Con il Padre e il Figlio è adorato e glorificato E ha parlato per mezzo dei profeti

 

Anselm Grün O.S.B.

Estratto da „ Parole che ci sostengono” – Editrice Queriniana 2016


 

Considerato dall’esterno, il Credo può essere diviso in tre parti:

 

1. Le affermazioni su Dio, Padre e Creatore.

2. Le affermazioni su Gesù Cristo.

3. Le affermazioni sullo Spirito Santo.

 

Si potrebbe dunque intendere il Credo come una serie di affermazioni sul mistero del Dio trinitario. In questo modo, però, interpreteremmo il Credo in modo unilateralmente dogmatico. Il Credo ci vuole invece descrivere l’agire di Dio. Dio ha creato il mondo. Dio è entrato in questo mondo nel suo Figlio Gesù Cristo. Gesù Cristo ha patito, è morto ed è stato sepolto e adesso siede alla destra del Padre. E Dio, nello Spirito Santo, agisce nella chiesa e nella nostra vita personale. La terza parte del Credo ci descrive quindi l’agire di Dio oggi in noi e nella chiesa.

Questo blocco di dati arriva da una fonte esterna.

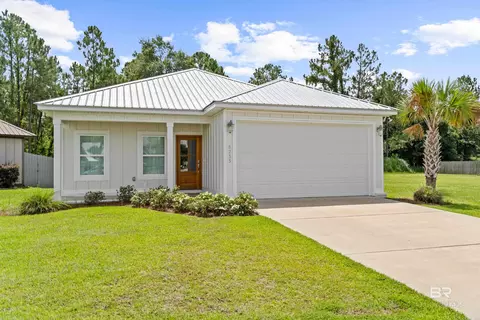 8233 Carmel Cir, Foley, AL 36535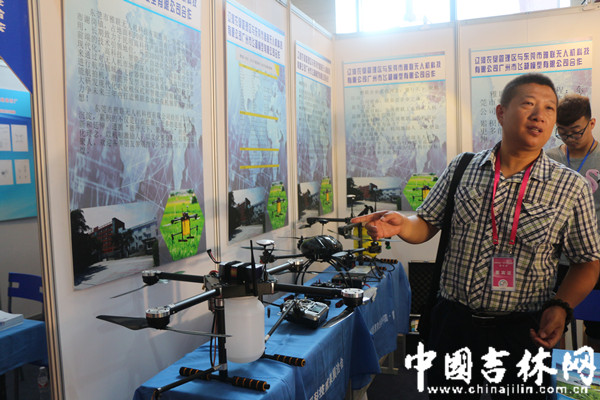 科技成果展览:无人机可携带“药壶”空中喷药.jpg 科技成果展览:无人机可携带“药壶”空中喷药.jpg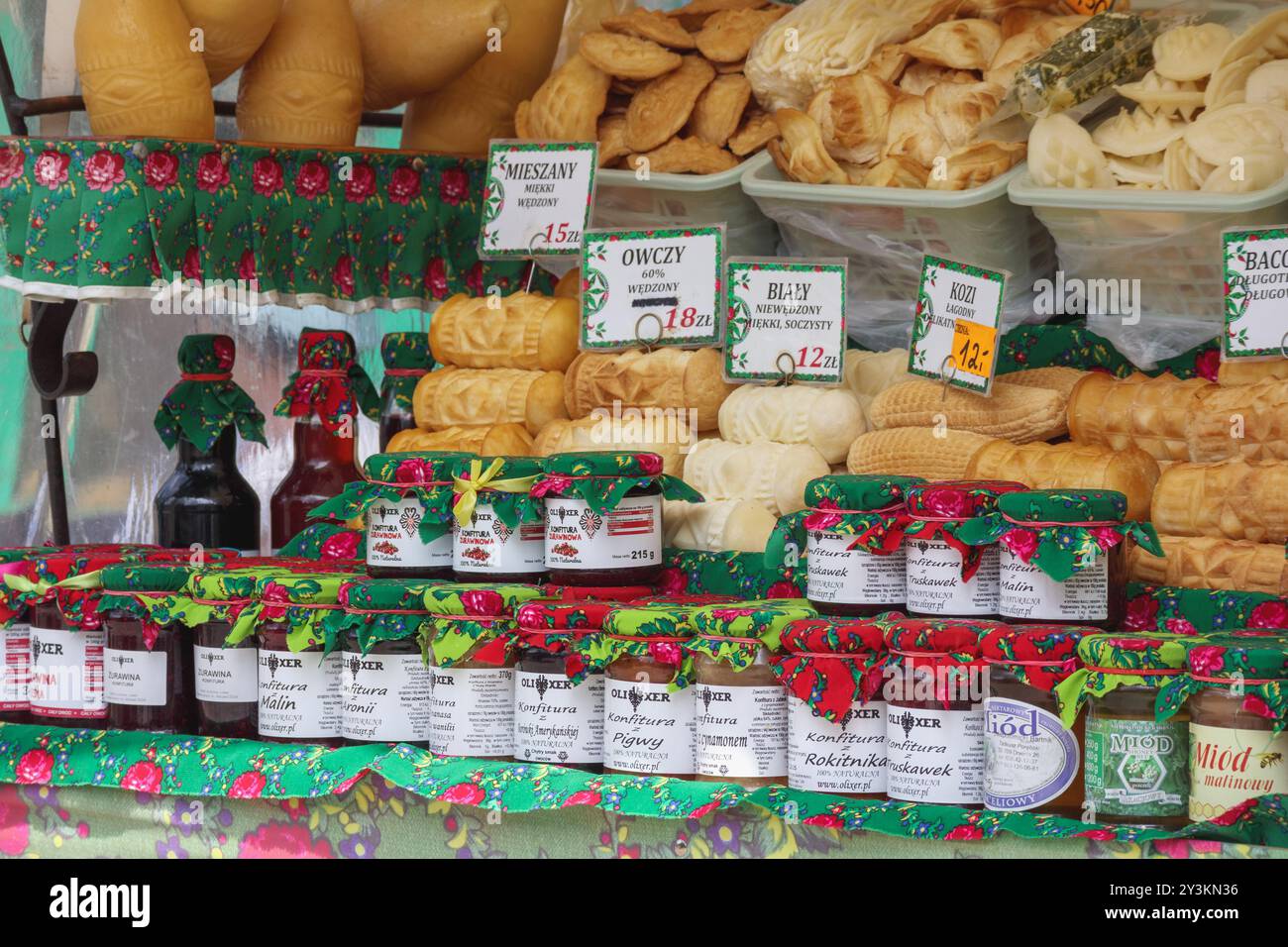 un collage alimentare sul mercato con tutti i tipi di prodotti caseari Foto Stock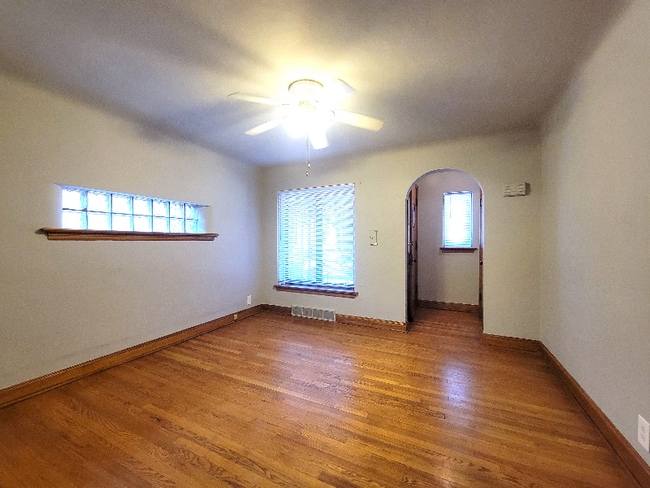 Photo - 6636 Devonshire Ave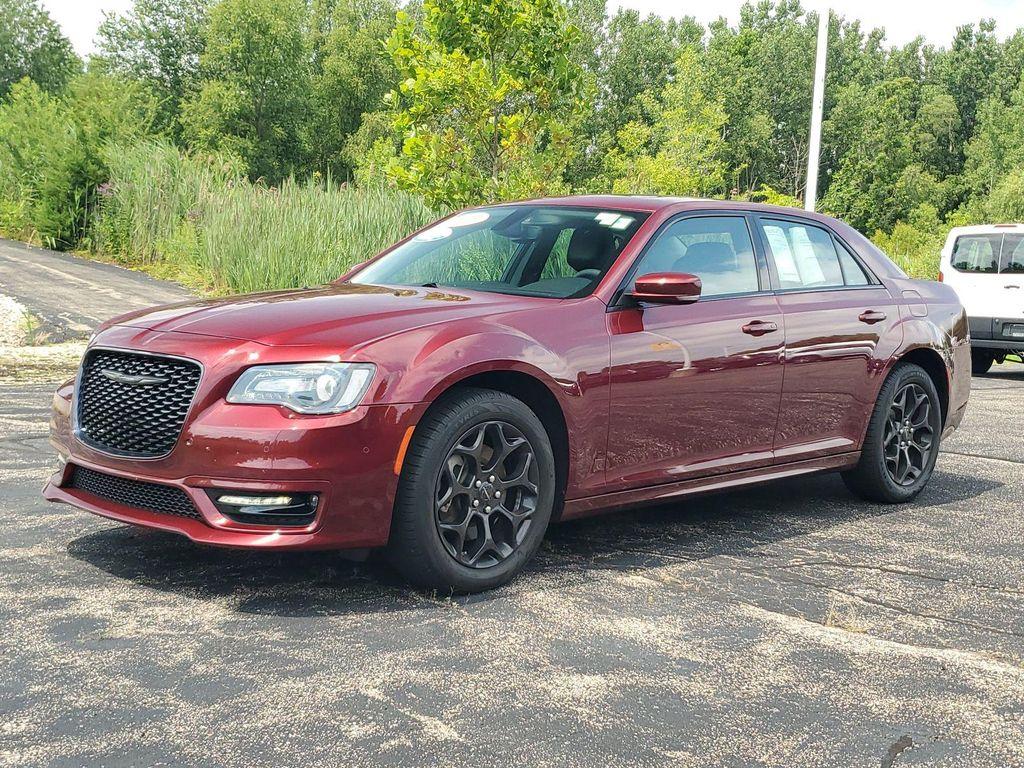 Chrysler 300 2023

Questo fatto ci preserva dall’interpretare la chiesa «troppo ‘mondanamente’» (Ratzinger, Introduzione al cristianesimo, 323). Essa è sempre già pervasa dallo Spirito Santo e deve aprirsi continuamente all’azione dello Spirito Santo.

Sono tre le affermazioni sullo Spirito Santo, che vogliono essere prese in considerazione a questo punto. Lo Spirito Santo viene indicato come dominus, cioè Signore. La parola latina è leggermente imprecisa. In greco lo Spirito Santo viene indicato come regnante. L’essenza dello Spirito Santo è che egli vuole regnare, vuole agire e realizzare qualcosa. Non è soltanto un dono di Dio, ma anche una sfida. Lo Spirito Santo vuole cacciare via da noi gli spiriti maligni, da cui abbastanza spesso veniamo dominati. Quando a regnare in noi è lo Spirito Santo, ecco che noi siamo veramente liberi.

E dominus significa che lo Spirito Santo è una Persona, comunque noi ce la immaginiamo. Ma non è solo una realtà neutra, bensì anche un TU che sta di fronte a noi, anche se lo Spirito è in noi e in noi agisce.

L’affermazione più importante sullo Spirito Santo è che dà la vita. Lo Spirito Santo vivifica non solo la chiesa, ma ogni singolo cristiano. Lo Spirito Santo ci pervade quando respiriamo. Respirando, respiriamo il profumo dell’amore di Dio, dice un mistico persiano. Lo Spirito Santo, in quanto spiritus, è nel contempo il respiro che ci pervade. E come Dio, all’inizio, ha soffiato nell’uomo l’alito di vita e lo ha reso in tal modo essere umano, così lo Spirito Santo insuffla in noi in ogni istante il soffio vitale affinché noi siamo vitali adesso. È un anelito struggente che tutto ciò che dentro di noi è irrigidito, tutto ciò che è diventato solo una mera routine, venga rianimato dallo Spirito Santo, fiorisca e acquisti vita. Dovunque noi ci sentiamo vitali, è lo Spirito Santo che agisce in noi.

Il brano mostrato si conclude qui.